August 22, 2018
The new research from Technavio has revealed that the global enterprise AI market will grow by over 5 billion US Dollars by the year 2022.
This research also provides deeper insights into the contributions of each industry sector thanks to this growth, with the main players being Telecommunications, Advertising, consumer products and services, and the Healthcare Industry.
With the pace that data analytics and other technologies are growing, this amount is not surprising. In fact, the part that astonishes readers the most is that Chatbot Artificial Intelligence is among the top drivers for this drastic growth. Which is unexpected because, until now, chatbots have failed to meet the upraised expectations that analysts have set. However, with the advent of Chatbot AI, unveiled in Google I/O 2018, things appear to be picking up the pace.
This could be because these new and more advanced chatbots will not just be a cheaper alternative for the human counterparts in the field of customer care. Rather they will be a more fitting and able provider of customer services, with better sympathising abilities than most humans. It’s not like these chatbots will be able to actually empathise with the customer, it’s just that they won’t have their own emotions to cloud their judgement, and as a result, they will be better able to solve customer issues and queries, by taking assistance from the background data and historical records.
This application and its foreseeable effects also bring more light to the less explored applications of AI, such as market research. Only recently, an AI expert and CEO of an Artificial Intelligence startup, Andrew Konya published a detailed report on how the technology can bring revolutionary changes in the area of market research on people.
Sampling, and its less effective application in deriving the population data, has always remained the major pain point in statistics. After all, any small group, no matter how carefully chosen, can never fully represent a larger group of people. As Andrew pointed out, “People are more than data points”. The most common alternative for this is extensive surveys, even though these have proved to be even less effective, mainly due to the bare minimum and closed-ended questions. They can always tell you the precise ‘what’ part of the question being put to the audience, but never the ‘why’, which more often than not holds more value.
Konya suggests that both these problems can be solved with the proper application of AI in market research. In one case, he clarifies how AI and its ever-growing prowess of analysing the huge amount of complex data, provides the quantitative advantage in the research, negating the setbacks of surveys. On the other hand, the algorithms of deep learning trained on the particular niche, can also provide more in-depth insights on the sample data, adding the qualitative advantage as well in the bucket of AI-based market research.
To prove his point, he also illustrated the application through a real-life case from the city of Cornwall. For many years, the city’s residents were living in isolation for elongated time periods. They would spend months without speaking to any of their friends or acquaintances. This was leading the city deeper into the pits of loneliness, compelling the local community to come up with a solution.

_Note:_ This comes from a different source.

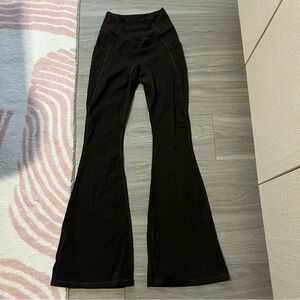 Buffbunny flare pants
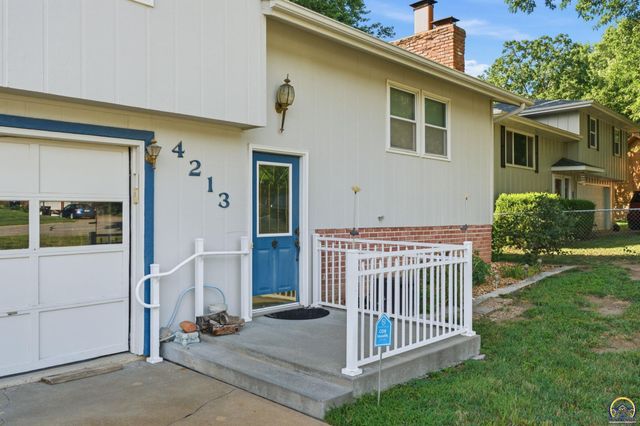 4213 SE Virginia CT, Topeka, KS 66605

Not long ago, the council launched a program, in partnership with Deloitte, to collect active data from 200 participants. Active data is different from the ordinary data in terms of how it is collected. To gather active data from a person, the AI has to actively engage with over 200 people, asking more contextual questions on the basis of their previous responses. Data collected with such measures proved to provide more actionable insights. In this case, the community was able to learn what existing programs were actually effective, and how the local communities can better intervene to bring positive changes in the social care facilities of the city.
This is just one use case out of many where active data based research has produced more reliable outputs quicker than before. It is therefore clear that we can realistically look forward to progress in AI.